The magnitude and normalization of the output of secp256k1_fe_cmov
should not depend on the runtime value of flag
.
3192+ CHECK(!x.normalized);
3193+ CHECK((x.magnitude == q.magnitude) || (x.magnitude == z.magnitude));
3194+ CHECK((x.magnitude >= q.magnitude) && (x.magnitude >= z.magnitude));
3195 #endif
3196+ x = q;
3197 secp256k1_fe_cmov(&x, &x, 1);
ACK 31b4bbe.
haha, yes. surprised to learn that magnitude doesn’t need to be the actual magnitude and is just an overflow protection mechanism.

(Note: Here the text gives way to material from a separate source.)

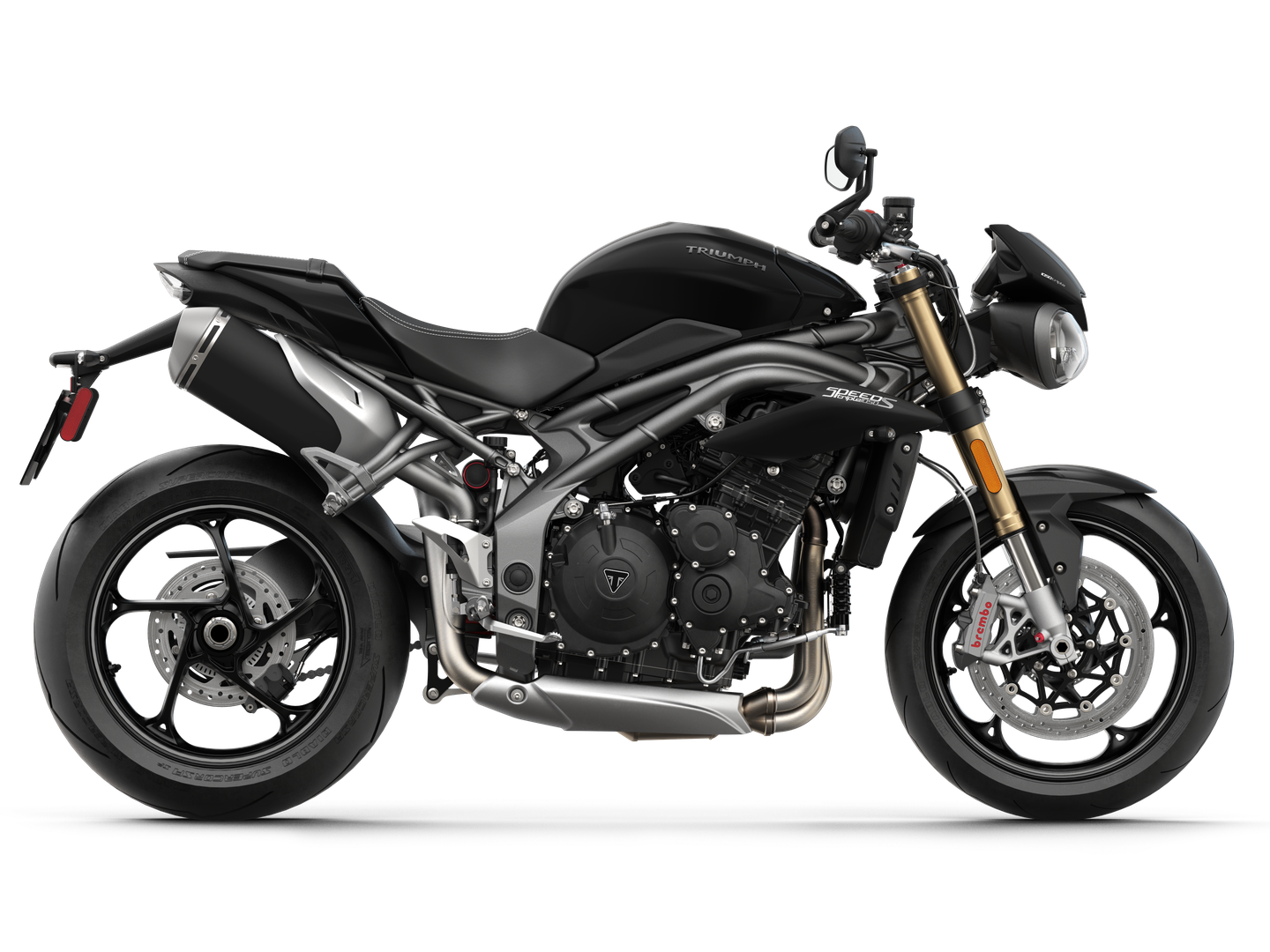 Speed triple store 2020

@stratospher Right! They are constraints on the (representation of) the value stored in the field element. They don’t (or at least, shouldn’t) depend on the values themselves. They exist to allow us to reason about what operations are allowed. This is all a consequence of having non-canonical represents in the first place; if we’d always normalize after every operation, they wouldn’t be needed. But we don’t, as a performance optimization, and as a consequence we want to be able to bound how “denormalized” field elements are allowed to be.
If this were C++ or Rust or some other language with more complex type reasoning, we’d put the magnitude/normalization properties in the type itself, and have their propagation checked by the compiler (e.g. adding a fieldelem of magnitude 3 to a fieldelem of magnitude 4 always yields one of magnitude 7, regardless of the values in it). The explicit runtime tracking of magnitude in VERIFY mode is a best-effort approximation of that which we can do in C.
But to the extent possible, we want the magnitude/normalization properties to be fixed at compile-time (even if not known), because that guarantees that any possible code path sticks to field elements which satisfy the constraints.